The reality is that there is no perfect expression that will please everyone.
The reality is that sometimes words can be both painful and needed.
The reality also is that I need to do a better job of slowing down when anger or frustration is fueling my passion.

“Anything you can do WITH anger, you can do better WITHOUT it.”
I don’t recall who I heard say this, but it rings true to me.

It doesn’t mean I can eradicate all anger or should focus my attention on that. But it does mean that anything I do fueled by anger is likely to be with compromised judgement.

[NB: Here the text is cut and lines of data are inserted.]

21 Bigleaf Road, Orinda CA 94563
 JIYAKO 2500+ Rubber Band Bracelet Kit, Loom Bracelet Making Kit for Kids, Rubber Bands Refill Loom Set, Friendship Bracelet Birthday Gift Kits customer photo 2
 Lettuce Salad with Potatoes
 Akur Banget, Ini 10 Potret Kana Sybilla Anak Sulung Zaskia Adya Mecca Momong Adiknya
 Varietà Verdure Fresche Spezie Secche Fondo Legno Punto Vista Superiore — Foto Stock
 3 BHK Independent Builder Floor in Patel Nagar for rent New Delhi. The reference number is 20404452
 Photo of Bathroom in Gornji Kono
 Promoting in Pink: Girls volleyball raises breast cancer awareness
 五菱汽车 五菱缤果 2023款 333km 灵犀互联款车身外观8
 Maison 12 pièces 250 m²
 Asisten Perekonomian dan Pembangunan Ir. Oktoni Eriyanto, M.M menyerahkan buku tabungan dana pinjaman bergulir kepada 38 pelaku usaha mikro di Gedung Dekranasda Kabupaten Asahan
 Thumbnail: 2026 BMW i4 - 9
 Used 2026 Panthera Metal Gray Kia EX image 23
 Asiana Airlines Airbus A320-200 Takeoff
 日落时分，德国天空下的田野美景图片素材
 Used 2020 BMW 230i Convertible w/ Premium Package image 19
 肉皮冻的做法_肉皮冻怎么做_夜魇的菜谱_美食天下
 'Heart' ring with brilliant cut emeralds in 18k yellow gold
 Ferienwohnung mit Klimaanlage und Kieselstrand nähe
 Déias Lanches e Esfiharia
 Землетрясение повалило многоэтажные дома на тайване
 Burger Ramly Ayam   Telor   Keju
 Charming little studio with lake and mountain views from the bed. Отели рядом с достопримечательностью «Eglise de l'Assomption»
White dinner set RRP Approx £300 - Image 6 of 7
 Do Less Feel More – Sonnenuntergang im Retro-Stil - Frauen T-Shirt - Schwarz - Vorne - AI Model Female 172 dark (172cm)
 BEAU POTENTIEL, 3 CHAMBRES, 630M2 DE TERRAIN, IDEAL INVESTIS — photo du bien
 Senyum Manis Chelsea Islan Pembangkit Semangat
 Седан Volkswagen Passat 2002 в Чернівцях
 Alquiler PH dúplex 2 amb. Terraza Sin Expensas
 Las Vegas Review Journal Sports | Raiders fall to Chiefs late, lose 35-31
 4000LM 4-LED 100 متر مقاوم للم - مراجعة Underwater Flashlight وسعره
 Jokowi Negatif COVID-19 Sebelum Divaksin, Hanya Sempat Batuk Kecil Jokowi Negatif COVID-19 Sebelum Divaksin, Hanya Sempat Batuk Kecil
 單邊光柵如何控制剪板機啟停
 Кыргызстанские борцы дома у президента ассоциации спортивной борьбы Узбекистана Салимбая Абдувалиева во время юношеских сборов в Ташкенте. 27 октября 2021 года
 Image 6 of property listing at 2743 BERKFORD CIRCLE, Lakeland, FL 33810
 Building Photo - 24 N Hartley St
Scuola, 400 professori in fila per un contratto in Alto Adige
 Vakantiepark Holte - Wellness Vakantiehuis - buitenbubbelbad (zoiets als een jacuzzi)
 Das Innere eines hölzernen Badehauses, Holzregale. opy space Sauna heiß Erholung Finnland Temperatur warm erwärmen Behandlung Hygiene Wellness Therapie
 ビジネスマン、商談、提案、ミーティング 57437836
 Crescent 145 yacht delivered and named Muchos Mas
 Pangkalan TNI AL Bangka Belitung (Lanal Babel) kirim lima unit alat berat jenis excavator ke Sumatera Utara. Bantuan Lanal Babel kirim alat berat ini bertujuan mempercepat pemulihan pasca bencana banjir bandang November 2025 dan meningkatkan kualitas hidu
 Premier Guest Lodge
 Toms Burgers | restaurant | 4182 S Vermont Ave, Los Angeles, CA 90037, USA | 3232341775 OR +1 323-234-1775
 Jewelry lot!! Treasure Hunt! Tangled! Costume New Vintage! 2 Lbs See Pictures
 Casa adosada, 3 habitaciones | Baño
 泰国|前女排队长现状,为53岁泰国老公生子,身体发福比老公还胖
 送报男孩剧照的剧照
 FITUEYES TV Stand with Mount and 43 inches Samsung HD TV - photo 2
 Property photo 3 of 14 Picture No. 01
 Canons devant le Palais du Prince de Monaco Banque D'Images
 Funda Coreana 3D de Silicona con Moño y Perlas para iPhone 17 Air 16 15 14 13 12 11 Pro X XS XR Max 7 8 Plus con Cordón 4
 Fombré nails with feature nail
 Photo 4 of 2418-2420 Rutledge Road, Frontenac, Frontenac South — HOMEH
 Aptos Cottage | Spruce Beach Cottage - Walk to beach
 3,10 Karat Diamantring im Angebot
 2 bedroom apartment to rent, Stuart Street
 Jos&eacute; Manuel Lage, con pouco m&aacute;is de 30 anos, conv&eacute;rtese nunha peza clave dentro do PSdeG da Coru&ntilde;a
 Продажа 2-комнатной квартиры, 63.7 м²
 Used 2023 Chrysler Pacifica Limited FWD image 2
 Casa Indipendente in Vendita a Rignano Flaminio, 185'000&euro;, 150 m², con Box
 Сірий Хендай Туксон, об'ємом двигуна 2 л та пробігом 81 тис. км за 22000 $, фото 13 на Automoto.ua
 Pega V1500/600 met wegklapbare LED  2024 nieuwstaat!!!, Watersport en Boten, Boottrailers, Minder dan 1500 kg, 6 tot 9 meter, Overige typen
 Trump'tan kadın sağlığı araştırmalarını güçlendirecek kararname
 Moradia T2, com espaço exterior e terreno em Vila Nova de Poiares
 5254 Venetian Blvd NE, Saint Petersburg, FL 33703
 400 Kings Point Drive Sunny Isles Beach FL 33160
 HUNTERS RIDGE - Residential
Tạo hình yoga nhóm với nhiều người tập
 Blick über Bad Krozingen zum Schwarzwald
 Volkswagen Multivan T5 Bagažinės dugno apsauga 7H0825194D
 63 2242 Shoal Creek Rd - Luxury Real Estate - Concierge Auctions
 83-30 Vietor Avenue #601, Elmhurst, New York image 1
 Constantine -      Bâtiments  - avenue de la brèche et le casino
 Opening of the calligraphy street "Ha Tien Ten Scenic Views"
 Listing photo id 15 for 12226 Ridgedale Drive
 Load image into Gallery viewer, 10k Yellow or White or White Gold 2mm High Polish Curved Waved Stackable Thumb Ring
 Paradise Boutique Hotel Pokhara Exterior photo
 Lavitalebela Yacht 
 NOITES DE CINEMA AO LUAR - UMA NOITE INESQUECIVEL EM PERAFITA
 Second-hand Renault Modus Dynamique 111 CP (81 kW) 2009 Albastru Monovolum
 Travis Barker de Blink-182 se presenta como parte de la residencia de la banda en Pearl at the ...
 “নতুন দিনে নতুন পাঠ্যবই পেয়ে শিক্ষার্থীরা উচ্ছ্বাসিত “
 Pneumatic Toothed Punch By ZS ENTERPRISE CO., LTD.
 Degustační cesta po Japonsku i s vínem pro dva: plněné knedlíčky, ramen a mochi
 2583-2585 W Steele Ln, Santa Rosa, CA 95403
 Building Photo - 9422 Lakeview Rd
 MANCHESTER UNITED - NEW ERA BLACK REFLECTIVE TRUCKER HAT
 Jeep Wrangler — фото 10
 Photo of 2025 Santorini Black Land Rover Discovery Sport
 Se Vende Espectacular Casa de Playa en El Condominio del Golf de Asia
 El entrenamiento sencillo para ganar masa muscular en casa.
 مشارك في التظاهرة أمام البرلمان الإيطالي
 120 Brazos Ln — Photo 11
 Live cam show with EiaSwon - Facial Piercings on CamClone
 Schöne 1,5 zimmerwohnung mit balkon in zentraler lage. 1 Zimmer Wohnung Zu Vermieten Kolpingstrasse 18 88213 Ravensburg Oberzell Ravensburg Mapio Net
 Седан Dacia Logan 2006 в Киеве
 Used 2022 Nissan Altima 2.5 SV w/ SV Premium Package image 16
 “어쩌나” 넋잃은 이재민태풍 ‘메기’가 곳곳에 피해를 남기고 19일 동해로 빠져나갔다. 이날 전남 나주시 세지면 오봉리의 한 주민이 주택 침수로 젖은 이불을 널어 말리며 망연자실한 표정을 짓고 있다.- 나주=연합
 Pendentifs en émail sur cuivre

So with that in mind, I ask the forgiveness of anyone I’ve unhelpfully hurt through my words, particularly this week. It isn’t my intention to judge people’s hearts or shut people down. It’s my intention to challenge as well as open up dialogue that can be beneficial and helpful. So if I have made you feel misunderstood, condescended to, or written off, please forgive me.

If in the future I come across as edgier than you like, please know that I am trying to measure my words to be challenging AND gracious, daring AND wise. I’ll fail, and I’ll keep trying, because I believe somethings need to be said, conversations need to be had, and bridge building needs to be done.

You have some major criticisms, so do you just like to talk about what you think is wrong or do you have any helpful proactive solutions to offer?

Yes, one in particular at the moment. Church, please, I beg you, develop deep open minded and openhearted relationships with people who are different than you. People who look different, think different, vote different, believe different.

For the individual, this just means starting with one person and building upon that. We don’t diversify our social circles quickly or easily, but it’s very much worth a try. Facebook can help for some people if you can do genuine facebook friendships. It also might mean reading different news sources or books that give us a different angle on the world.

The church will experience greater reconciliation and oneness as we truly get to know and love each other. We will struggle to love our neighbor well if we don’t know them well. My hope is for us to grown in our breadth and depth of relationships with people who are unlike us… and that we would learn to love your neighbor like we love our own selves.